En todas las épocas ha habido guerras, y en todas ellas se han cometido atrocidades. Visto así, podríamos pensar que cíclicamente se congregan en el mismo lugar personas malvadas y que, llegado el momento, desencadenan una nueva guerra. O siendo objetivos, podemos deducir con facilidad que hay algo dentro de cada uno de nosotros, que en las condiciones adecuadas puede convertirnos en despiadados asesinos.
El verdadero enemigo, el causante de todo y lo que de verdad debemos temer, no es otra cosa que una emoción: el odio. Es la incorrecta gestión emocional la que convierte a ciertos colectivos en objetivos vulnerables ante convenientes manipulaciones, capaces de engendrar odio y destinadas a canalizar la ira contra un eventual enemigo.
Un ejemplo de ello se ha podido ver recientemente en el conflicto actual, en Libia, donde el actual gobernante Muamar el Gadafi manipula a la población mediante la difusión de la creencia que el ejército aliado está masacrando a la población civil libia. Esto, lógicamente es motivo suficiente para que cualquiera de nosotros se abasteciera de armas y arremetiera contra el enemigo con los ojos inyectados en sangre. Si fuera cierto…
Pero no hace falta mirar muy lejos para comprobar que la vida que nos rodea tampoco está exenta de disputas por todo tipo de cuestiones. A todos nos han educado de forma distinta, y por ende, nos molestan cosas diferentes. Esto provoca disputas en situaciones muy dispares. La cola del metro, el vendedor de enciclopedias, un malentendido en una discoteca, un codazo fortuito en un bar, el fin de una relación amorosa, una infidelidad… Todas éstas y muchas otras situaciones pueden convertirse en discusiones, que en algunos casos derivan en reyertas y en ciertos casos desembocan en lo que todos vemos, por desgracia habitualmente, en televisión.

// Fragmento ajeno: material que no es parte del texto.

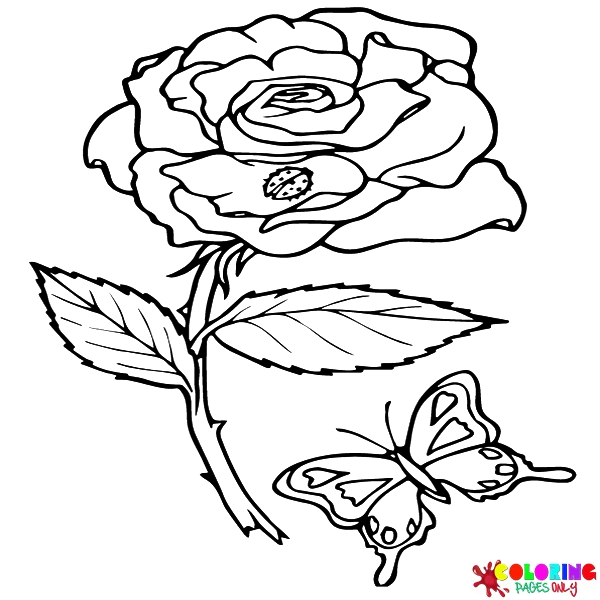 Páginas para colorir de rosas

Mi conclusión es que si en una sociedad como la nuestra existen controversias, por nimiedades en la mayoría de los casos, que no seríamos capaces de hacer, cuando lo que está en juego es el pan que hay en tu mesa, o la vida de tu propia familia y vecinos. En definitiva, que no hay gente buena o gente mala, todos somos capaces de odiar, y ese es precisamente el enemigo común que hay que derrotar.